Problem to solve.
Repeat precisely, and only, the lines between the line containing "This bedroom has" and the end of the listing below, both ends included.

Collected material.
----
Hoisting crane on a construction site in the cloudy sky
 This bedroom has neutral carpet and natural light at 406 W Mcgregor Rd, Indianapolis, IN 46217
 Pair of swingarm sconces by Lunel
----
Final answer.
 This bedroom has neutral carpet and natural light at 406 W Mcgregor Rd, Indianapolis, IN 46217
 Pair of swingarm sconces by Lunel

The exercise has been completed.